Reputation: 1337
As much as I've tried I can't seem to find the correct regex to locate what I'm after here.
I only want to select the first instance of the url that matches the domain www.myweb.com from the following...
Some text https://www.myweb.com/page/cat/323123442321-rghe432 and then another https://www.adifferentsite.com/fsdhjss/erwr
I need to completely ignore the second url www.adifferentsite.com and only work with the first one that matches www.myweb.com, ignoring any other possible instances of www.myweb.com
Once the first matching domain is discovered I need to store the rest of the url that comes after it...
page/cat/323123442321-rghe432
...into a new variable $newvar, so...
$newvar = 'page/cat/323123442321-rghe432';
I'm trying :
return preg_replace_callback( '/http://www.myweb.com/\/[0-9a-zA-Z]+/', array( __CLASS__, 'my_callback' ), $newvar );
I've read tons of documents on how to detect url's but can't find anything about detecting a specific url.
I really can't grasp how to formulate regex so this formula is incorrect. Any help would be greatly appreciated.
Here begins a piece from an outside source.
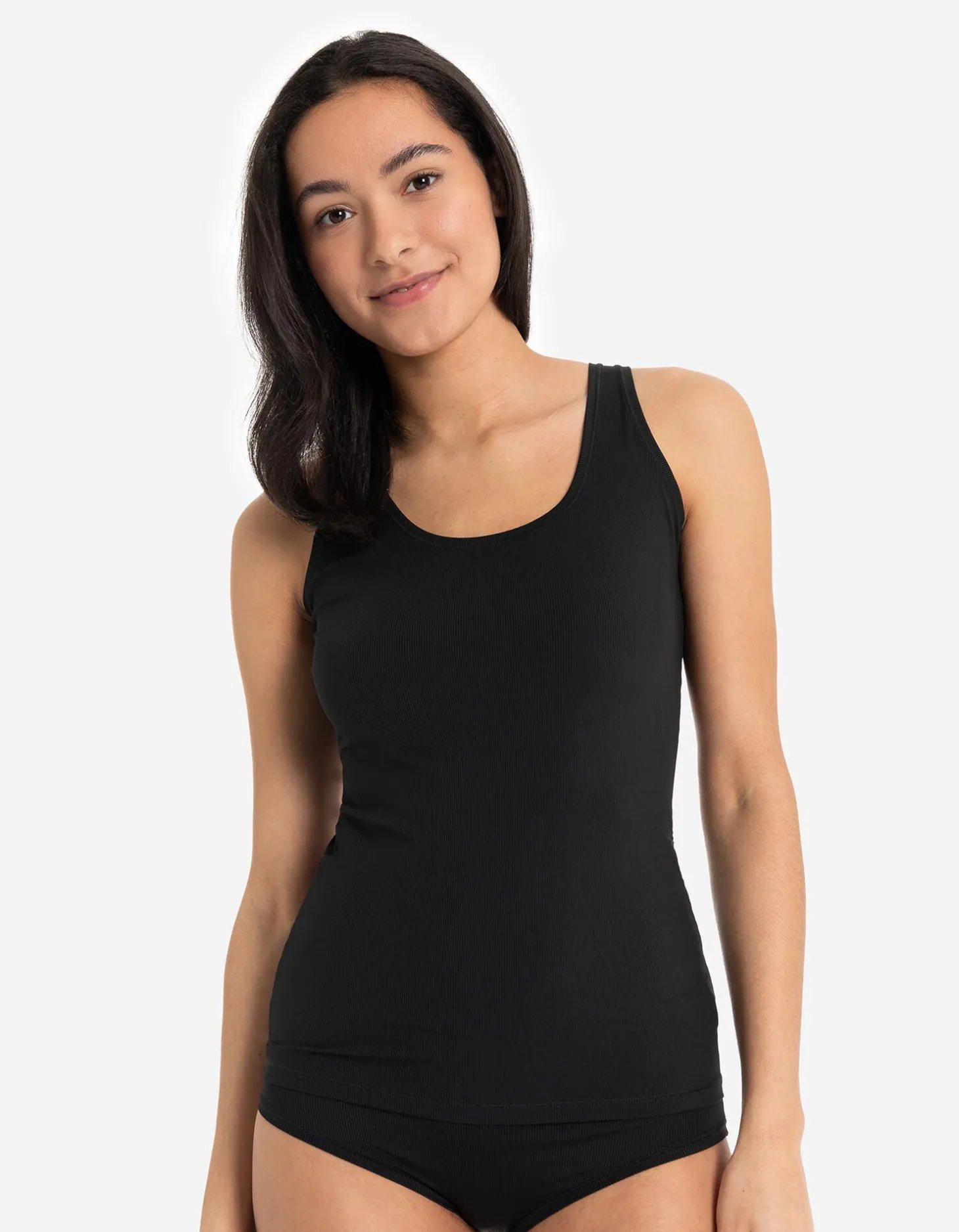 Tanktop - Jouw Perfecte Pasvorm - zwart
EDIT Edited the question to be a bit more specific and hopefully a bit easier to resolve.
Upvotes: 2
Views: 1650
Reputation: 627410
You can use a preg_replace_callback
and pass an array into the anonymous function (or just your custom callback function) to fill it with all the necessary URL parts.
Here is a demo:
$rests = array();
$re = '~\b(https?://)www\.myweb\.com/(\S+)~';
$str = "Some text https://www.myweb.com/page/cat/323123442321-rghe432 and then another https://www.adifferentsite.com/fsdhjss/erwr";
echo $result = preg_replace_callback($re, function ($m) use (&$rests) {
array_push($rests, $m[2]);
return $m[1] . "embed.myweb.com/" . $m[2];
}, $str) . PHP_EOL;
print_r($rests);
Results:
Some text https://embed.myweb.com/page/cat/323123442321-rghe432 and then another https://www.adifferentsite.com/fsdhjss/erwr
Array
(
[0] => page/cat/323123442321-rghe432
)
A couple of words:
'~\b(https?://)www\.myweb\.com/(\S+)~'
has ~
as a regex delimiter, so you do not have to escape /
\\S
\b(https?://)
(that matches a whole word http
or https
followed by ://
) and (\S+)
(that matches 1 or more non-whitespace characters). These capturing groups are marked with (...)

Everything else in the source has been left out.